Let's import the libraries.

In [2]:
import numpy as np
from numpy import linalg as la

### Gram-Schmidt Process<a name="Orthonormal_Sets"></a>
[Return to Table of Content](#Table_of_Content)

**This part of code is for Section 6.3.2.**

![title](img/gram_schmidt.png)
> Figure 1. The Gram-Schmidt process. Note that the process shown in the figure does not include the normalization. Though $Q=\{v_1,v_2,\ldots,v_p\}$ can already form an orthogonal set, it would be better if they are further normalized to be an orthonormal set. Tutorial 6.2 provides plenty of explanations on this.

Let's implement the GS process following the notation of Fig. 1. Given a $m\times n$ matrix $A=\{x_1, x_2, \ldots, x_p\}$, the goal is to obtain a new $m\times n$ matrix $Q=\{v_1,v_2,\ldots,v_p\}$, whose columns are mutually orthonormal.

In [3]:
def gram_schmidt(A):
# The classical Gram Schmidt process.
# Input: an arbitrary mxp matrix.
# Output: the Q factors of the input.   

    n = A.shape[1]
    Q = np.zeros(A.shape)
    
    for i in range(n):
        xi = A[:, i]
        vi = xi
        for j in range(i):
            # Since Q[:,j] is always a unit vector,
            # no need to implement the denominator. 
            vi = vi - np.dot(xi, Q[:,j])*Q[:,j] 

        Q[:, i] = vi/la.norm(vi)
    
    return Q

You may wonder why the denominator is missing in Line 10. The reason is that in the first iteration, i.e., when `i=0`, the nested iteration in Line 9 will not trigger. Therefore, the only thing achieved in the first iteration is the normalization of $x_1$, which is saved as $v_1$. In the second (and further iterations), `Q[:, j]` in Line 10 equals the normalized $v_1$. Since $v_1\cdot v_1=1$, the denominator can be omitted. 

In [4]:
A = np.array([[3,8],
            [0,5],
            [-1,-6]], dtype=float)

Q = gram_schmidt(A)

print("The Gram-Schmidt Process yields \n", Q)
print("Is Q orthonormal?", np.allclose(Q.T.dot(Q), np.eye(Q.shape[1])))

The Gram-Schmidt Process yields 
 [[ 0.9486833  -0.16903085]
 [ 0.          0.84515425]
 [-0.31622777 -0.50709255]]
Is Q orthonormal? True


### QR Factorization by Gram Schmidt<a name="QR_Factorization"></a>
[Return to Table of Content](#Table_of_Content)


Now we come to the QR factorization (using Gram-Schmidt process)! Actually, there are many ways to implement the Gram-Schmidt process as shown in Fig. 1. Here are two *very different* implementations:

![title](img/compare_gram.png)
>Figure 2. The comparison of two typical implementations.

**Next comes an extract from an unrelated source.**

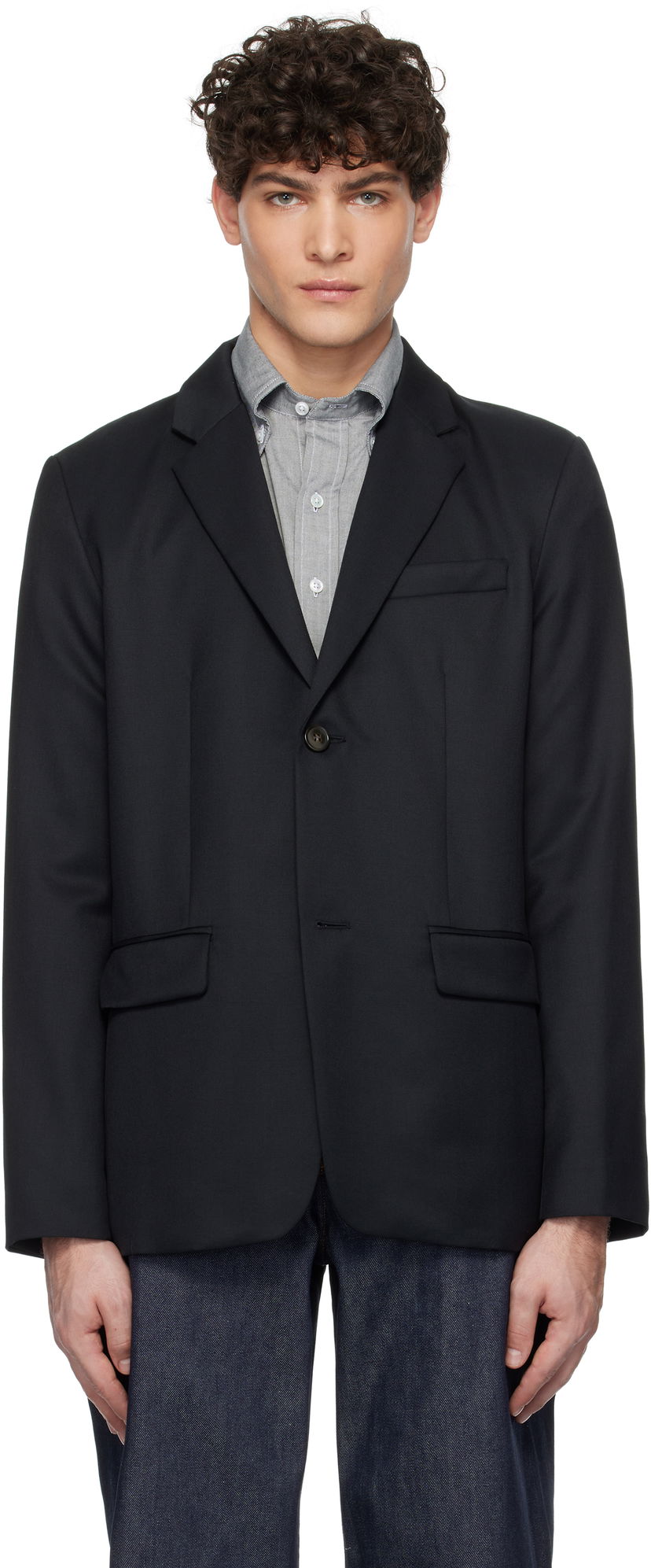 Куртка A.P.C. Single-Breasted Blazer чорний | WOAPO-H03136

They are arithmetically equivalent, i.e., they do the same task as shown in Fig. 1. In exact arithmetic the two implementations are identical, while in the presence of rounding errors they are dramatically different.

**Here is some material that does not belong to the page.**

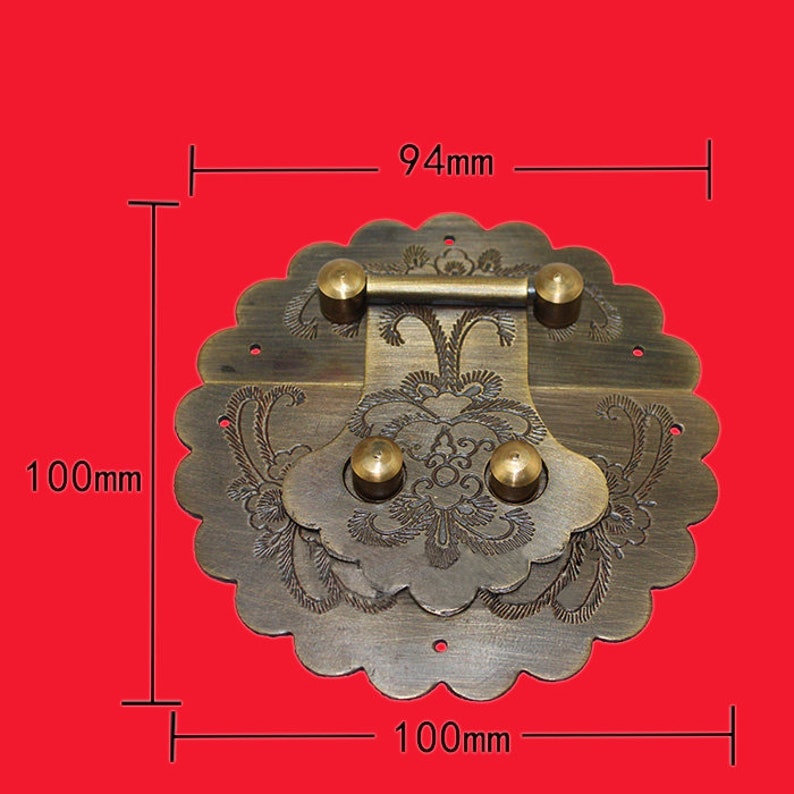 Classic Box Hasp Brass Flower Catch Latches Chest Suitcase Journals Buckle Clasp 3.94/4.710cm/12cm h160 image 1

In classical Gram-Schmidt, we compute the length of the orthogonal projections of $w=a_k$ onto $q_1, q_2, \ldots, q_{k-1}$, and then subtract those projections (with the rounding errors) from $w$. But because of rounding errors, $q_1, q_2, \ldots, q_{k-1}$ are not truly orthogonal. It accumulates errors.

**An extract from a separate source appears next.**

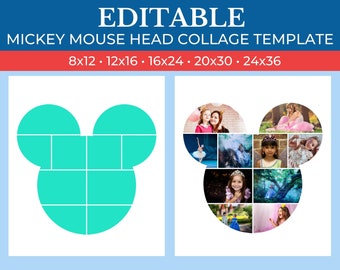 Picture Collage mickey mouse head Template | GridArt Canva | Image Collage | Pic Stitch | mickey mouse head Collage Template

In modified Gram-Schmidt, we compute the length of the projection of $w=a_k$ onto $q_1$ and subtract that projection (and the rounding errors) from $w$. Next we compute the length of the projection of the **computed** $w$ onto $q_2$ and subtract that projection (and the rounding errors) from $w$, and so on, but always orthogonalizing against the **computed version of $w$**.

The difference only emerges when $k>=3$.

Let us implement them first and run some comparisons. Note that in Fig. 1, the output is the Q factor of QR factorization. In our implementations we would also output the R factor following Fig. 2.

Be ware of the pythonic [**memory issue**](https://ipython-books.github.io/45-understanding-the-internals-of-numpy-to-avoid-unnecessary-array-copying/), the operations of any `Q[i, j] = z` affect the memory block. An example is provided in **Section Takeaways**.

Also, the `qr_gram_schmidt()` implemented below is an extension of `gram_schmidt()` in the first part. Compared to `gram_schmidt()`, `qr_gram_schmidt()` is written in a more economical manner, with the factor R outputted. 

**Challenge: can you revise `gram_schmidt()` following the idea of modified Gram-Schmidt discribed above?** You are expected to revise the routine `gram_schmidt()` provided in the first part of this demo. No need to output the R factor. (Don't worry, this is only for your interest :)

In [5]:
def qr_gram_schmidt(A):
    # The QR factorization using the classical Gram Schmidt process.
    # Input: an arbitrary mxp matrix.
    # Output: the Q and R factors of the input.

    # Obtain the column number.
    p = A.shape[1]

    # Initiate the Q and R factors.
    Q = A.copy() # Prevent A from being changed.
    R = np.zeros((p, p))

    # Iterate for each column of the input.
    for k in range(p):
        w = A[:, k]
        
        ##### Different part. #####
        for i in range(k):
            R[i, k] = Q[:, i].dot(w)

        for i in range(k):
            w = w - R[i, k] * Q[:, i]
        ###########################
        
        R[k, k] = la.norm(w)
        Q[:, k] = w / R[k, k]

    return Q, R

In [6]:
def qr_mod_gram_schmidt(A):
# The QR factorization using the modified Gram Schmidt process.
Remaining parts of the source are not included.